Maker Note (Vendor): -
Macro mode - Normal
Self timer - Off
Quality - Fine
Flash mode - Auto
Sequence mode - Continous
Focus mode - MF
Image size - Large
Easy shooting mode - Sports
Digital zoom - None
Contrast - High , +1
Saturation - High , +1
Sharpness - High , +1
ISO Value - 32767
Metering mode - Evaluative
Focus type - Auto
AF point selected -
Exposure mode - Easy shooting
Focal length - 70 - 300 mm (1 mm)
Flash activity - Not fired
Flash details -
Focus mode 2 - 8
White Balance - Auto
Sequence number - 0
Flash bias - 0 EV
Subject Distance - 0
Firmware Version - Firmware 1.0.3

Sharpness (0D) - 0
File number - 213 - 1316
Sharpness (A0) - 0

Thumbnail: -
Compression - 6 (JPG)
XResolution - 72
YResolution - 72
ResolutionUnit - Inch
JpegIFOffset - 9716
JpegIFByteCount - 7183



posted on Mar, 30 2009 @ 01:13 AM

Originally posted by OzWeatherman

Considering its an eight second exposure, you've probably caught some moving lights or something. (like car lights)

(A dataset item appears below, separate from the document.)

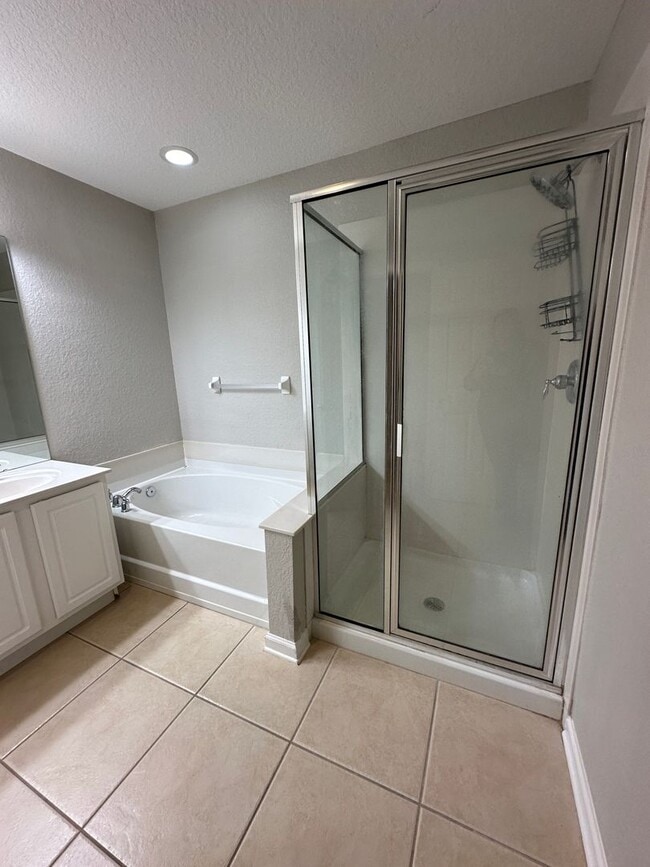 Building Photo - Well maintained townhouse in Spring Isle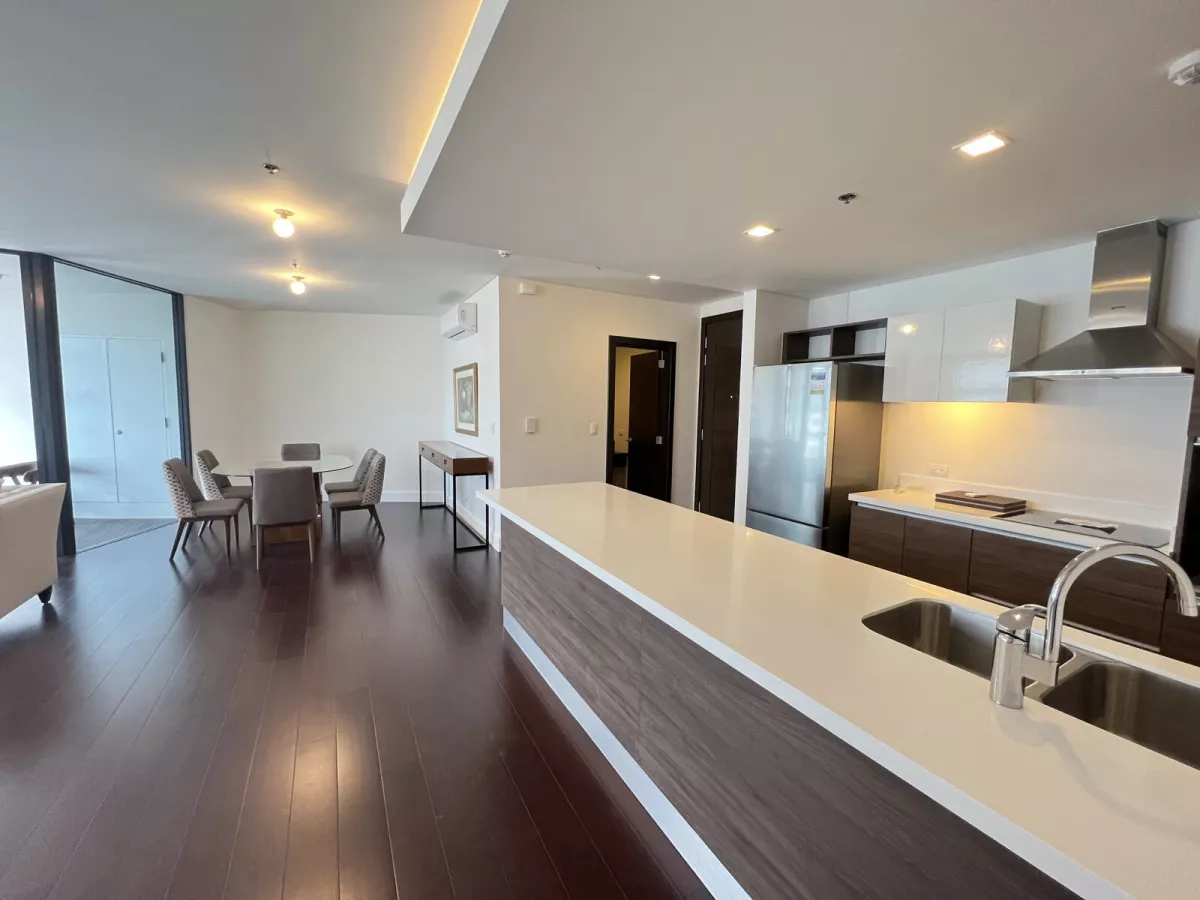 "Cozy 2 Bedroom Unit For Rent Garden Tower, Makati"09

I dont think its anything weird, just crappy camera work, but I will leave this one up to the proper camera experts

I fully concur. You can see the supposed "Orbs" of light shining off of trees in the background. They are street lamps, nothing more. This is simply a delayed/elongated exposure, with camera movement present (It could stem from a problem as simple as not properly mounting the camera, because even an apparent steady hand can produce such effects).

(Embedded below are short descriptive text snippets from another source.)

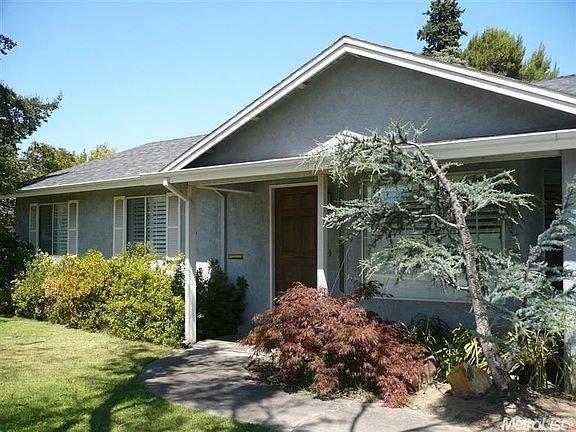 2nd image of 8526 N Solano Ave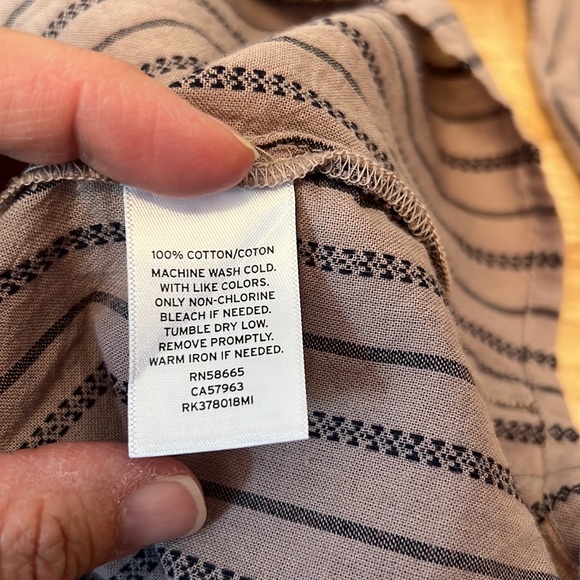 Wild Pearl Poet Sleeve Boho Top Small NWT - Picture 8 of 10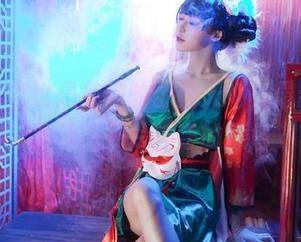 踏入阿包也是兔娘的蕾丝天地，最新原图更新，一片神奇的颜色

posted on Mar, 30 2009 @ 12:13 PM
Many thanks for your opinions.

First of all, I feel that I should add something here that may make you want to re-examine your comments.

The streamers of light are interwoven, in other words vertical passes in front of and behind the horizontal passes, etc. Strange behavior, which I feel can't be explained. Unfortunetly, the house which is blacked out, is a private residence and I respect the owner's right to privacy. It is not blurred in any way, in fact its quite sharp, negating the theory of camera movement.

My observatory is setup quite solid. The mount is set on a cement pier with isolation from the building. This is done to avoid even my footsteps causing any vibrations to my camera or telescope. Due to minor imperfections in the worm gear I preload my mount with a small weight to take up any slack in the drive gears, which requires me to lock the mount so it doesn't move at all times. This presents a very good observation system which is able to achieve long exposure imaging quite well.

When the locks are on there is no easy way to move the mount other than computer commanded or the handpad. Both are located farther than I can reach from the telescope in my warm room at the back of the observatory.
If my mount was that sloppy then, long exposure photography would not be achievable.

The camera is mounted on a special mounting area which has no flexture at all. To blur an image would take a strong knock to the mounting. The optical tube also is flexture free with re-enforcements around the tube.
I have done this over and over for many years and have never seen anything like the pic I posted. I have seen images which suffered from bumps, but not vertical and horizontal movements with inter-weaving.

I guess I may never find out what is behind these light streams, I call them unknowns simply because thats what they are til I can see this duplicated.

Thanks again

posted on Mar, 30 2009 @ 12:22 PM
reply to post by marsorbust

My thoughts are that you're trying to fool us in some way.

Now I'm no image expert but I think you and your friend(s) were trying to do something like this:

Obviously it's no where near as good.

But do keep trying! Just don't call your friends unknowns.